From what she was telling me, I figured out that the Dschingis Khan wasn’t located in a very central part of Kassel, but just the opposite. It was on the southern edge of Karlsaue Park, which in turn bordered a wooded area. In other words, the restaurant was on the outskirts of Kassel. I could take it or leave it. There were worse things than agreeing to it, because, after spending time in the restaurant, I could go for great walks through the park, through the forest. It would be a unique experience, she said, I could see unusual things, even discover (she smiled) the resolution to the mystery of the universe. .

That proposal contained very little logic, actually none. This invitation to a Chinese restaurant on the outskirts of Kassel had a slightly preposterous air about it, but the trip was a year away. I thought, or wanted to believe, that perhaps in that space of time other things for me to do there would occur to the organizers. (Or should I call them agents or curators? I wasn’t experienced in these matters.)

“Will someone eventually reveal the mystery of the universe?” I asked.

She answered astutely in a voice that hadn’t lost its charm all evening, and so I asked her permission to write her answer down on a napkin. I told her I’d devote myself to admiring it for the rest of my life.

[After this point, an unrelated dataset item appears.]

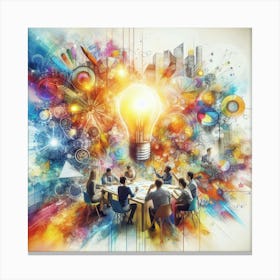 A group of people are sitting around a table having a meeting. They are all looking at a light bulb that is on the table. The light bulb is surrounded by colorful gears, representing the different ideas that are being discussed. The people are all wearing different colored clothes, representing the different perspectives that are being brought to the table. The background is a bright, colorful blur, representing the energy and excitement of the meeting. The image captures the essence of brainstorming and idea generation. Canvas Print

“Without the McGuffins,” she said, “there’s not much we can do, perhaps sing hey, ho, the wind and the rain. But dinner’s over.”

It seemed as if she’d controlled the exact length of time for our dinner. In any case, it was much better that it should all end there because, at home before going out, I’d taken a happy pill that my old school friend Dr. Collado was trying to patent at the time. (I’ve changed the name of this dear and somewhat frustrated inventor of somewhat medicinal drugs.)

I’d taken that pill thinking it would help me minimize my nocturnal anguish. And although the pill did work initially, for a while now its effects had been wearing off and my situation was getting dangerous. I was starting to notice my usual bleak nighttime mood beginning to emerge, my deeply melancholic side. It seemed that at any moment Boston was going to ask me where I had left that supposed severe anguish I’d told her arrived so punctually every evening, which meant it was inadvisable for me to go out at night. . I dreaded that question and all the more so as I observed my melancholy advancing moment by moment. I even began to fear my face would turn into that of Mr. Hyde, so it seemed a very good idea that things here should end as soon as possible.